RAW DATA

——————————

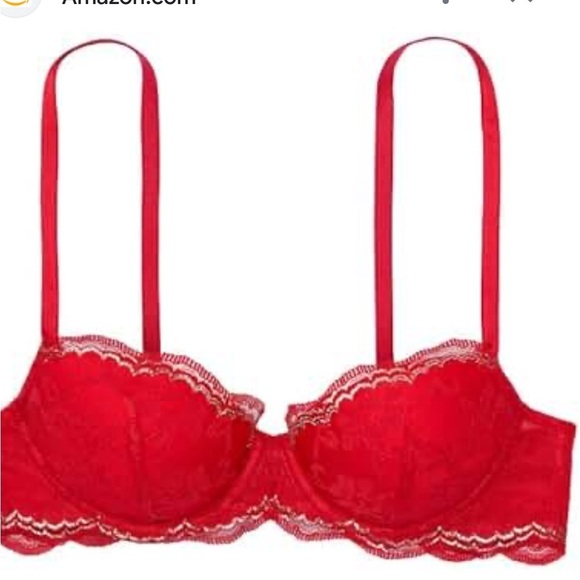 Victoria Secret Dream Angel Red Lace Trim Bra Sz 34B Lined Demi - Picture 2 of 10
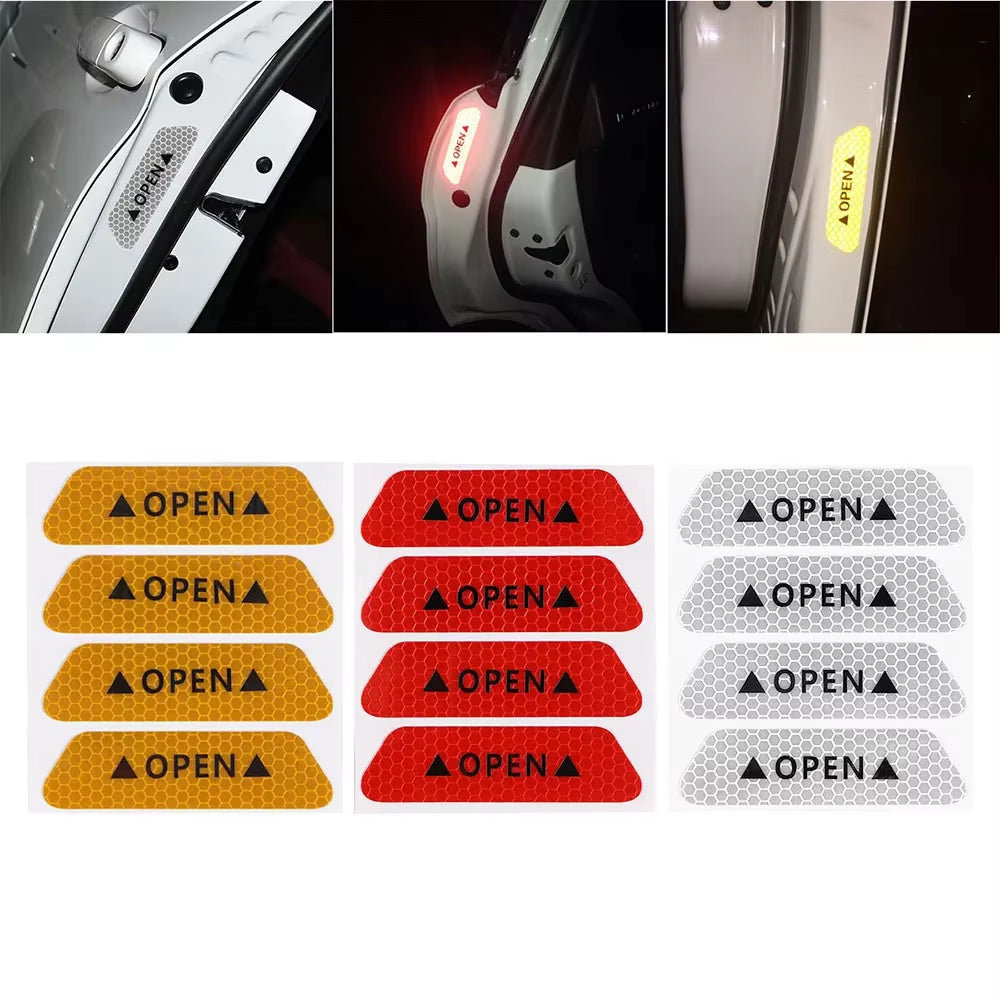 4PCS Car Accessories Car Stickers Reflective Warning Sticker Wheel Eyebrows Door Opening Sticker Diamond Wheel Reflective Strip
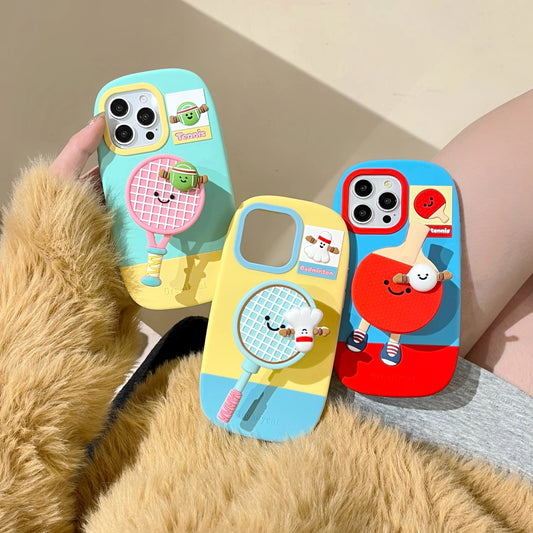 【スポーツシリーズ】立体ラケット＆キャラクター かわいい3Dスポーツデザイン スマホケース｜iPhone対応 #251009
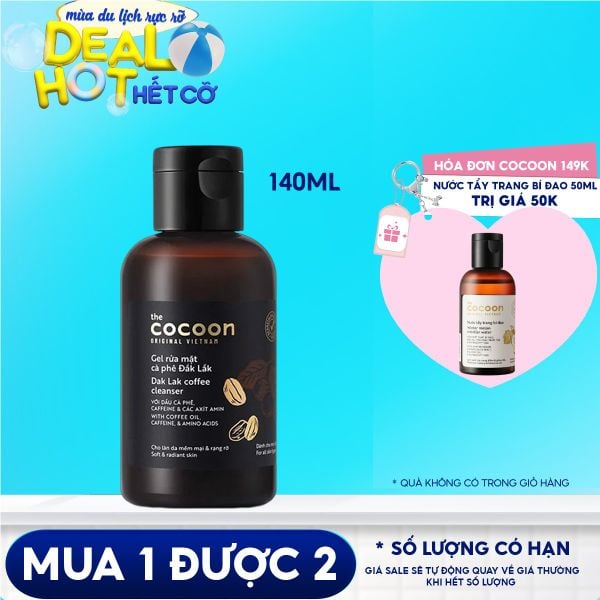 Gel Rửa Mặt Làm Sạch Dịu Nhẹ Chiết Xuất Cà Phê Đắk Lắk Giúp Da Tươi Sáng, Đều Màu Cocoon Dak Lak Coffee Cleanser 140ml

——————————

Your answer must be an exact copy of the lines from the line with "4PCS Car Accessories" to the final line of the data, both ends included, and no pictures.

RESPONSE
 4PCS Car Accessories Car Stickers Reflective Warning Sticker Wheel Eyebrows Door Opening Sticker Diamond Wheel Reflective Strip
 【スポーツシリーズ】立体ラケット＆キャラクター かわいい3Dスポーツデザイン スマホケース｜iPhone対応 #251009
 Gel Rửa Mặt Làm Sạch Dịu Nhẹ Chiết Xuất Cà Phê Đắk Lắk Giúp Da Tươi Sáng, Đều Màu Cocoon Dak Lak Coffee Cleanser 140ml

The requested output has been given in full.